APAOnlineticker / Tiroler Tageszeitung Onlineausgabe


Brexit - Irischer Regierungschef warnt London vor Verzögerungstaktik



Dublin/London (APA/dpa/Reuters) - Der irische Regierungschef Leo Varadkar hat die britische Regierung davor gewarnt, die für diese Woche geplanten Brexit-Abstimmungen im Unterhaus abzusagen. Zuvor hatte es entsprechende Medienspekulationen gegeben.

Die britische Premierministerin Theresa May will am Dienstag dem Parlament in London das mit Brüssel ausgehandelte EU-Austrittsabkommen vorlegen. Sollte es abgelehnt werden, will May die Parlamentarier vor die Wahl zwischen einem Ausscheiden ohne Deal und einer Verschiebung des Brexit stellen.

„Ich höre Spekulationen, dass die Abstimmungen abgesagt werden könnten zugunsten eines neuen Votums mit dem Ergebnis, dass das Unterhaus der EU sagt, was es will“, sagte Varadkar am Montag in Dublin der britischen Nachrichtenagentur PA zufolge. „Es ist viel zu spät für Großbritannien, um uns zu sagen, was sie wollen“, fuhr Varadkar fort. Das Austrittsabkommen sei bereits ein Kompromiss.

Angesichts einer drohenden Niederlage wachsen die Spekulationen, May könnte am Dienstag nicht über das vorliegende Abkommen, sondern über eine Wunschversion abstimmen lassen. Sollte sie dafür eine Mehrheit bekommen, wäre sie von der Verpflichtung entbunden, die beiden weiteren Abstimmungen abzuhalten, so die Mutmaßungen.
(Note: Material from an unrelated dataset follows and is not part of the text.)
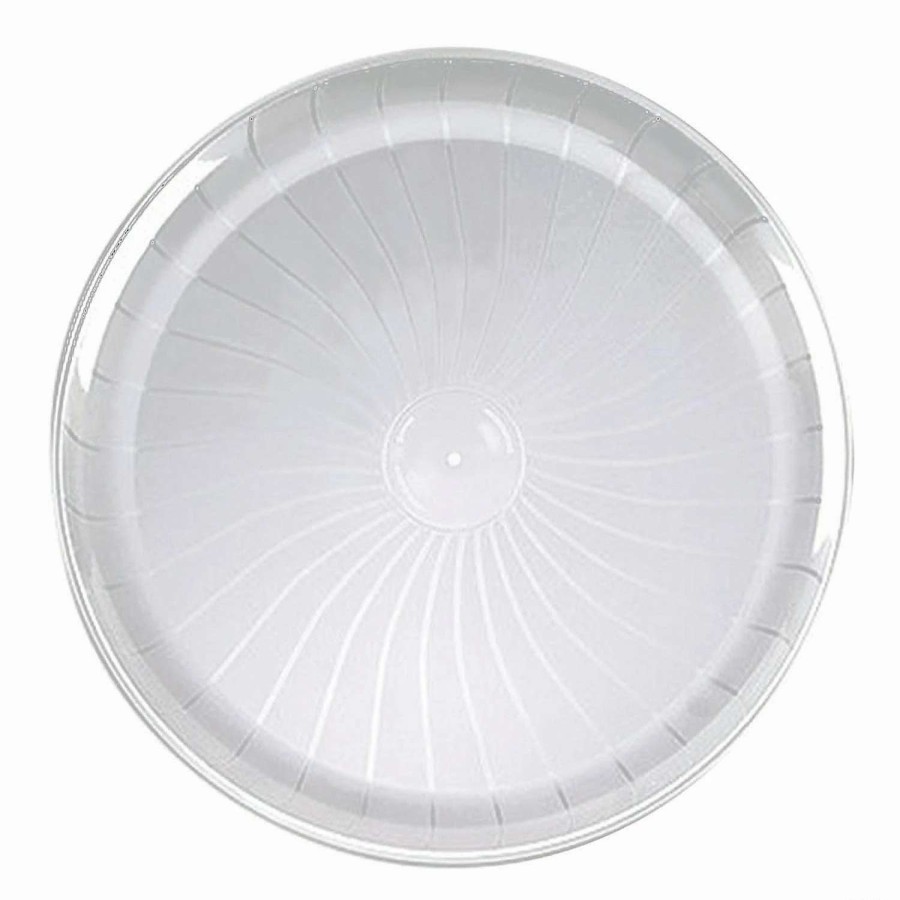 Serveware * | Discount 12 Clear Pavilion Round Disposable Plastic Trays (22 Trays)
Einzelne Abgeordnete aus ihrer Konservativen Partei drohten May jedoch für diesen Fall bereits mit einer Revolte.

Ein britischer Regierungssprecher widersprach vor Journalisten den Berichten über eine Absage der Abstimmung am Dienstag, wie die Deutsche Presse-Agentur (dpa) berichtete. Er warnte auch vor Spekulationen darüber, May könnte stattdessen über ein Wunschabkommen abstimmen lassen.

Am Dienstag werde wie vorgesehen über Mays Austrittsvertrag mit der EU abgestimmt, sagte ein Sprecher der Regierungschefin laut Reuters. Zudem stehe die Premierministerin nach wie vor zum bisherigen Fahrplan, der insgesamt bis zu drei Abstimmungen vorsieht.